A million years ago, when dinosaurs roamed the earth and I had a lot of that stuff on my head (hair, do they call it?) I joined the Valley Computer Club to learn how to build and program computers.
Back then, "hacking" was not a pejorative. It was what you did ... in order to find a non-standard solution to some knotty (no, that's not "naughty!") problem. Like re-writing your on-disk CP/M BIOS in raw hex, because you couldn't write Assembly Language. Or using a paper punch to put a notch on the other side of your 5-1/4" floppy so you could read and write on both sides of it.

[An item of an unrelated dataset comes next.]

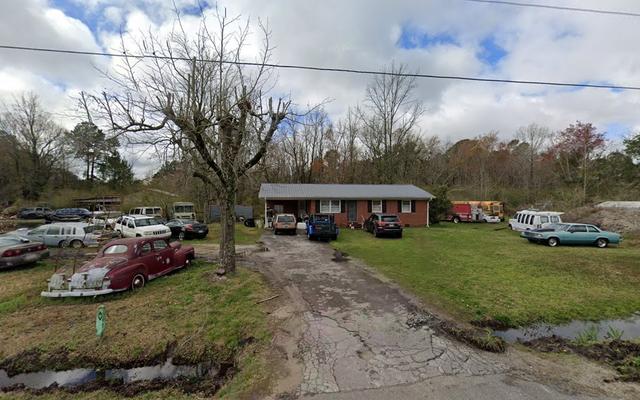 Green's Wrecker Services, Maple Hill, North Carolina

So, what I did, I started hacking at Sigil and found the answer to my question. ("What is the answer?" Gertrude Stein's next-to-last words. No one at her bedside could respond. "Well, what is the question?" Gertrude Stein's last words.)
What you do is this:
Once the file is loaded in Sigil, click on View and select "Book Browser." (Alternatively, do an Alt-F1 - which is not, I hasten to add, the smaller version of Formula-One, previously referred to as "Formula Atlantic" ... back when dinosaurs roamed the earth and I . . . etc etc etc) This shows the text.
Now that I'm in the text mode, I imagine I can hack my way into the editing process.
Also, I'm going to return to Open Office and see if perhaps I can force code there, so there's less HTML and CSS hacking to do.
Thanks for your response, though, Itimpi.